In his report, State Comptroller Yosef Shapira points to the fact that for about a year—from the cabinet’s establishment on March 18, 2013 until March 23, 2014—the cabinet held no discussions aimed at setting strategic goals concerning Gaza.
In the cabinet discussion held on March 24, 2013, in which the state of affairs on the northern front was presented to the new cabinet members, Prime Minister Benjamin Netanyahu noted that Gaza was becoming a strategic threat to Israel. About a week and a half later, on April 3, in a discussion which reviewed the Palestinian arena, Netanyahu noted that “Gaza has become a real threat to the country.”
In a cabinet discussion from March 13, 2014, in light of an escalation in Gaza, then-economy minister Naftali Bennett protested the fact that “We lack a strategy.”
Gilad Erdan, who served as the minister of home front defense at the time, commented that “in the year that I have been a member of this cabinet, not a shred of information has been added that could enable me to make a decision on a long-term policy.”

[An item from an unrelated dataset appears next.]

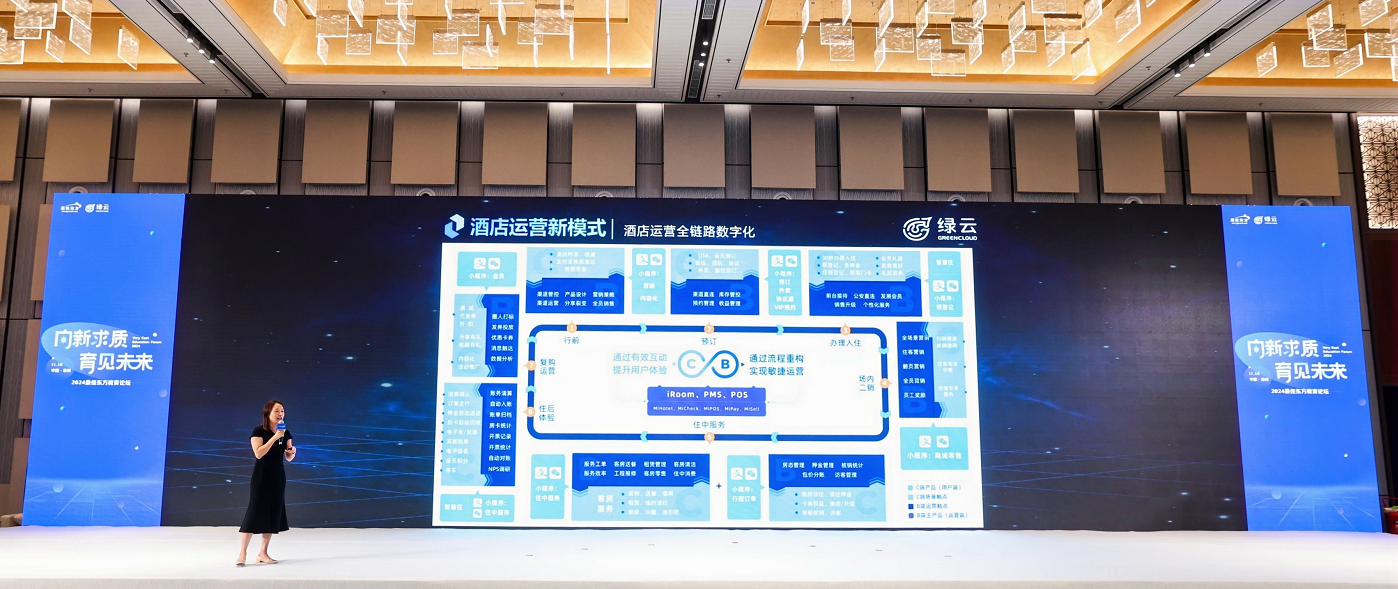 九游官网入口：2024迈点文旅住宿节共线最佳东方教育论坛圆满落幕(图14)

The cabinet ministers were required to deal with the question of strategic goals during Operation Protective Edge. The issue was first raised in the cabinet discussion a day after the operation was launched, on July 8, 2014. Asked by Bennett what should be done, then-Mossad director Tamir Pardo replied: “I am defining the problem for you. You are the political echelon, not me. You have to define the goals.”

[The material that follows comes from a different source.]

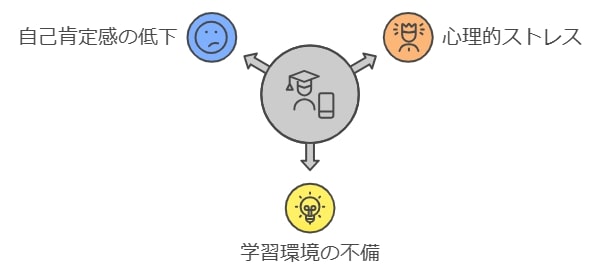 親が知らない成績不振の意外な原因とは？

Then-finance minister Yair Lapid noted that “we never even held a discussion on whether we want the Hamas rule in Gaza to continue.”
Yuval Steinitz, the minister of strategic affairs and intelligence, said: “We are focusing on tactics and keep escaping, again and again, year after year—for nine years now we have been escaping from the strategic reality forming before our eyes.”

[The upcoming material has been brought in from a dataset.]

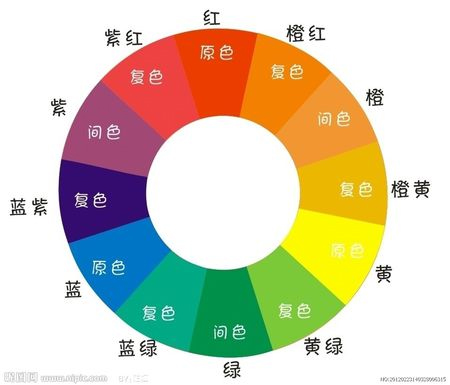 黄 橙=黄橙 红 橙=红橙 红 紫=红紫 .以此类推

In his testimony before the state comptroller’s team, then-defense minister Moshe Ya’alon stated that “the cabinet’s main job is to discuss different scenarios in advance—not during the fighting—and to plan an endgame. The cabinet is supposed to deal with policy questions. Such discussions were not held in that cabinet.”
Cabinet discussions on threats posed by Gaza
The State Comptroller’s investigation further revealed that relevant information, which was significant in case of an escalation in Gaza and was raised in discussions within the defense establishment, was not presented to the cabinet ministers in full.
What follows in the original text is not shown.